倘若一次战争对于人类的伤痛,也可以简单地用字面上所谓的投降来结束的话。

 

战争的终结没有改变现世千疮百孔的状况,也没有改变林勃寂寥的气氛。协会的回忆录实体化个体在结束战时援助任务后,又马不停滴地投入到战后重建过程中。这一过程漫无结束之时,林勃也持续处于被忽视的处境之中。

1947年初,冬。

从1939年初冬寄给佩尔戈莱西的明信片之后,已然过了8年,约翰·塞巴斯蒂安·巴赫再无来信。8年间,维瓦尔第依旧在写回信。

“巴赫先生……我和我林勃的朋友们诚挚期冀您在战地一切安好无恙……”

“我和我林勃的朋友们理解您的烦劳……林勃的状况每日愈下,简直不能再糟……”

“祈祷您安然无恙……林勃的人们接连离去,对此我们束手无策……”

“再次希望您安好……恳请您不要抛弃我们,我们已然走投无路……”

……

然而却没有信使为之传递这些诉说他和同伴们境遇的信件。信件只是堆在林勃港口的邮筒里,邮筒不曾被开启。

但若要论及林勃这些可怜的前辈们对协会这位素未谋面的后辈的希望的总量,却是与日俱减。当初一起与维瓦尔第分享收到信件与明信片喜悦的人们,许多已然不在;即使是维瓦尔第自己,也不得不注重自己难以忽视的恶化的身体状况,以及他最好的朋友阿尔比诺尼。

在两年前/1945年一个春日的早晨,当斯卡拉蒂和维瓦尔第苦寻阿尔比诺尼数日无果,最终绝望地来到阿尔比诺尼的房间内时,他们发现阿尔比诺尼就躺在自己的床上。一切看起来什么也没有发生:阿尔比诺尼穿着他雪白的睡袍,盖着被子,安详地、毫无痛苦地、一动不动地躺在床上。同伴们流着泪呼唤他的名字,他随之睁开眼睛,但那棕色的眸子里却再也没有往日的柔情,只剩下空洞与麻木。

两年过去了。阿尔比诺尼依旧像那个春日的早晨一样,无法言语与移动,像古代的雕像,他静默地躺在床上,无生气的美丽的容颜。

“今天我将继续记叙我的歌剧……我说过我写过81部歌剧,这是第几部?编号稍后补上……Artamene,1741年狂欢节期间在圣安吉洛剧院上演,还是熟悉的老剧院,合作者也是熟悉的老Bartolomeo Vitturi……”

维瓦尔第坐在床尾,朗读着。这是阿尔比诺尼记录他生前回忆的本子,以防他之后再也无法想起。维瓦尔第和斯卡拉蒂他们希望能够通过这个方式,唤起阿尔比诺尼逸散的记忆,但两年日复一日的尝试,毫无效果。阿尔比诺尼仅是一如既往地静默在床上,脸上既没有欢喜,也没有悲哀。

维瓦尔第放下阿尔比诺尼的日记本。他不知道自己还能陪伴这位可怜的朋友多少时日,已然1947年,他明白这对于1741年逝世的自己意味着什么。与生俱来的疾病,死后亦然陪伴着神父,胸口的疼痛与紧绷着的无法透气,近几年越来越严重。可是他难道应该为此而怨天尤人?不,他应当是甜蜜、热情、活泼,即便在生命的最后时分,也只能夹杂些许的苦涩与冷淡的自嘲。
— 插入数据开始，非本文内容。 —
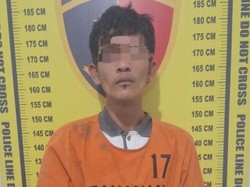 Tertidur saat Berteduh, Motor Pria di Siantar Digondol Maling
他离开了阿尔比诺尼的房间。乐团马上要在匹克普斯/Picpus进行周日的例行演出。 

 

匹克普斯/Picpus小隐修所的大厅里,观众们安静地就坐。虽然是白天,大厅里依旧点灯。昏黄的灯光下,乐团正在演奏降E大调小提琴协奏曲/Concerto in E-flat Major for Violin, RV 251。维瓦尔第本来并不想在他状态每日愈下的情况下演奏自己的作品并同时担任第一小提琴手,但他不愿意辜负自己德累斯顿的好友兼学生Pisendel/皮森代尔的期望。

对于维瓦尔第常见的风格而言,这首降E大调小提琴协奏曲是很古怪的作品。复杂的结构和极长的乐章(尤其是慢板乐章)。但这并不是偶然。晚年受到拿波里/那不勒斯乐派的影响,威尼斯乐派即便在自己的故乡也失去了优势。维瓦尔第的音乐不再为人喜爱,他的经济来源也失去保证。尽管已经一把年纪,他仍旧像任何年轻人一样,焦急地挽回自己的名誉甚至修改自己多年的风格。他吸取那不勒斯乐派的特点并且采用更为复杂的曲式结构。但是,威尼斯乐派的时代已经结束,观众们不再需要这些老旧的音乐家,即使他们曾经给自己带来过那么多欢乐。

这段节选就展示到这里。